It shouldn’t take a genius to read between the lines of Todd McCarthy‘s Hollywood Reporter review of The Birth of a Nation, which premiered in Park City yesterday afternoon. Keep in mind that every reviewer filing for a major outlet knew they had to write very carefully lest they be perceived as having a blockage of some kind.
Toward the end of his review McCarthy notes that The Birth of a Nation “offers up more than enough in terms of intelligence, insight, historical research and religious nuance as to not at all be considered a missed opportunity.” Parker did pretty well considering, he’s saying. The film has issues here and there but it’s not half bad.
“Far more of the essentials made it into the film than not,” McCarthy goes on. “Its makers’ dedication and minute attention are constantly felt and the subject matter is still rare enough onscreen as to be welcome and needed, as it will be the next time and the time after that.” Translation: Parker will be refining his abilities as he goes along and may quite possibly make a truly world-class film down the road.
We’ve all seen Sundance films before where the audience reacts more to the subject matter or a film’s political position, so what happened yesterday is no surprise.
Everyone’s talking about the prolonged standing ovation following the Birth screening, but there was also the huge one at the beginning when Parker was introduced. Given how many producers/executive producers there are and the fact that there were 40 or 50 people onstage at the end, how could anyone fail to umnderstand that a very significant portion of the Eccles audience consisted of people connected to the film? It was a “papered house” if I’ve ever seen one.

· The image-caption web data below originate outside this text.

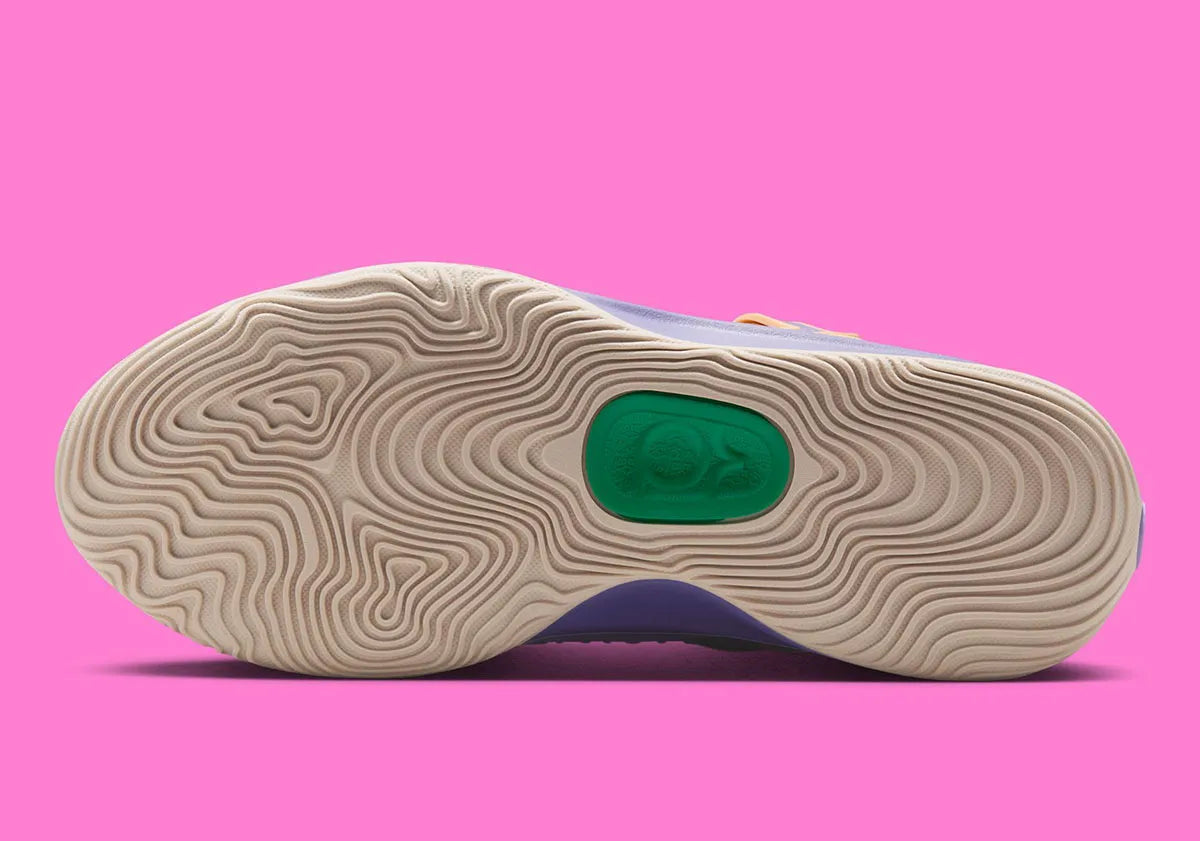 Sneaker de basketball Nike KD 18 B.A.D. en mesh technique avec amorti Zoom Air et semelle à traction multidirectionnelle.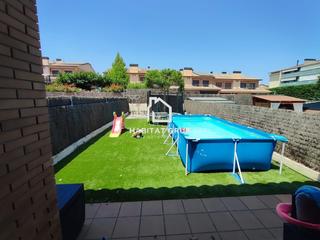 Maison jumelée à Sils. Casa adosada en sils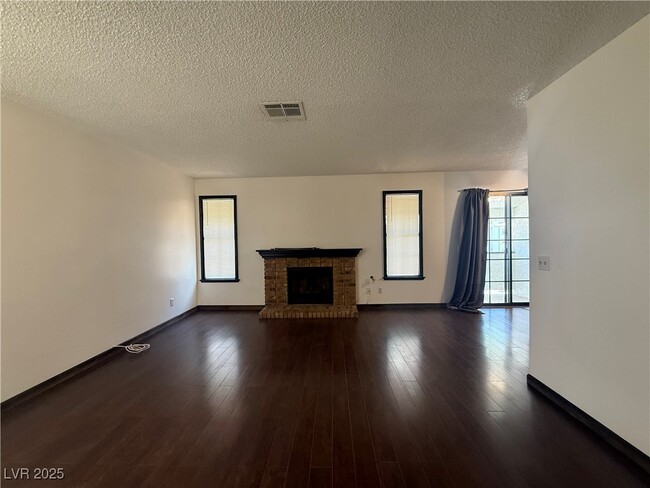 6661 W Tropicana Ave in Las Vegas, NV - Building Photo - Building Photo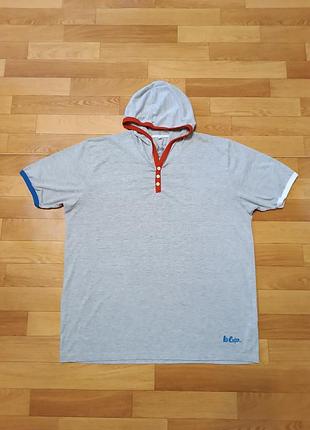 Якісна брендова стильна футболка з капюшоном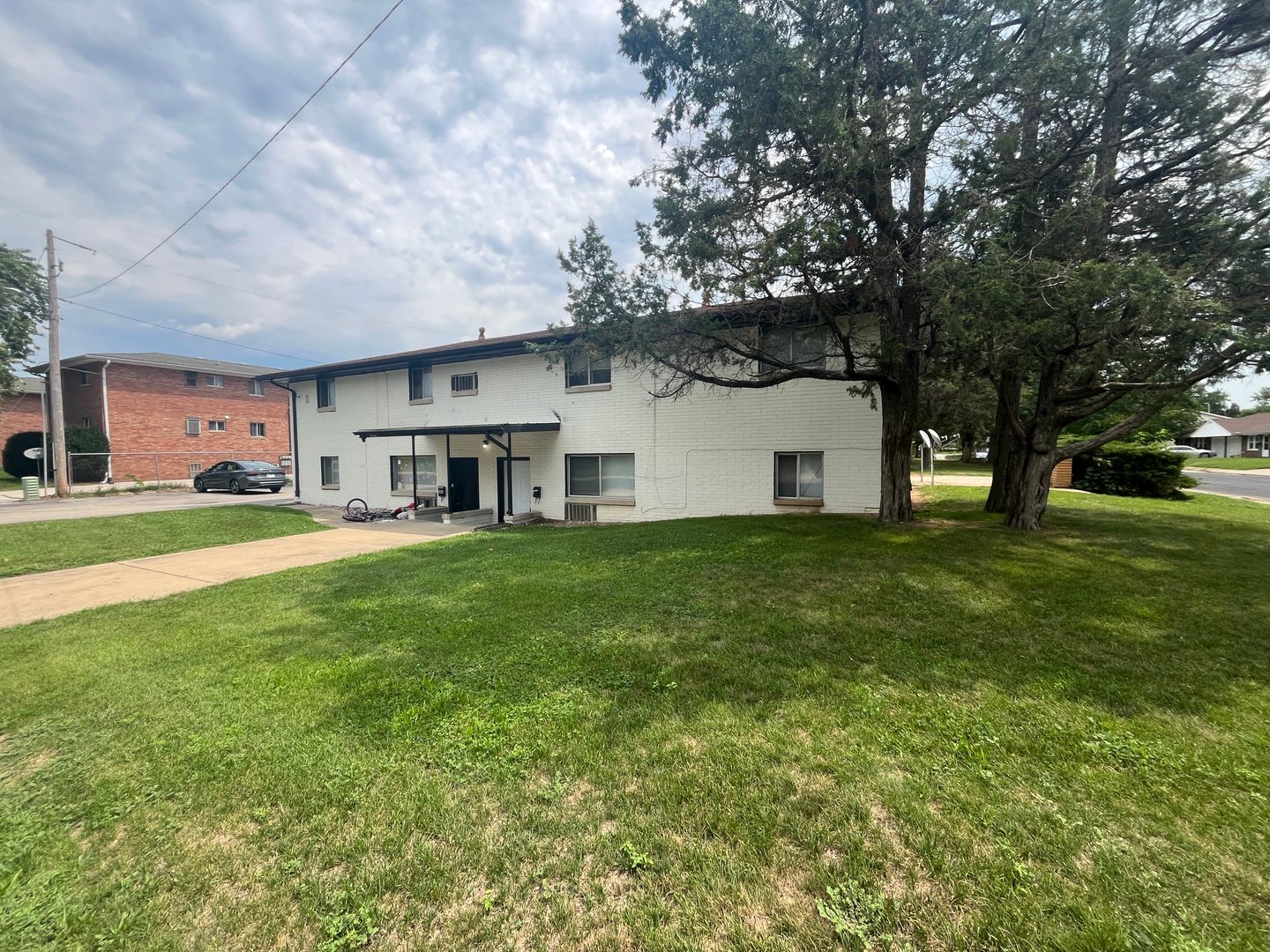 Peoria Apartment: 2613 W Wardcliffe Dr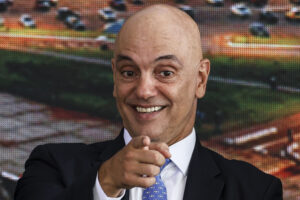 Dino barra efeitos de decisões estrangeiras sem chancela da Justiça brasileira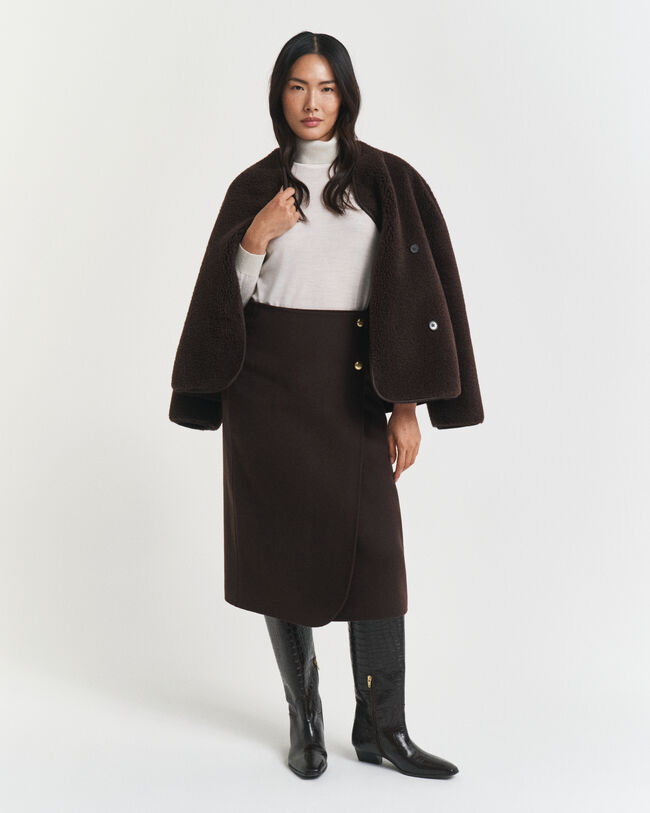 Handsydd omlottkjol i midilängd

Different reactions will surface, trust me, when everyone comes down off the mountain and Parker’s film starts screening at sea level.
I don’t know where HE commenter “Jeff” is based, but what he wrote last night bears repeating:
“(1) Sundance is known for being a festival where uber progressive movies are beloved and frequently get standing ovations.
“(2) The film is written, directed and starring an indie actor and being screened to a bunch of actors, agents and execs. Normal people don’t go to Sundance. Every actor there has a passion project that they want made, this succeeding is great for them.
“(3) The entire industry has listened to Spike Lee and every progressive person in the mainstream media in America call them racist because they wildly underrepresent minorities.
“There was just no way this movie was not going to be well received at Sundance by an audience who all wants to prove how non-racist they are. If you are a reviewer for a mainstream company, you probably also like your job and the heat you will take from panning this movie isn’t worth the professional honesty.
“Respectfully, Fox Searchlight’s $16 million dollar offer came from a billion dollar company. Best case: the movie is truly great, rides the hype to box office and Oscar noms. Worst case: This is a write-off that Fox & Fox Searchlight get to point at to demonstrate they believe in diversity.”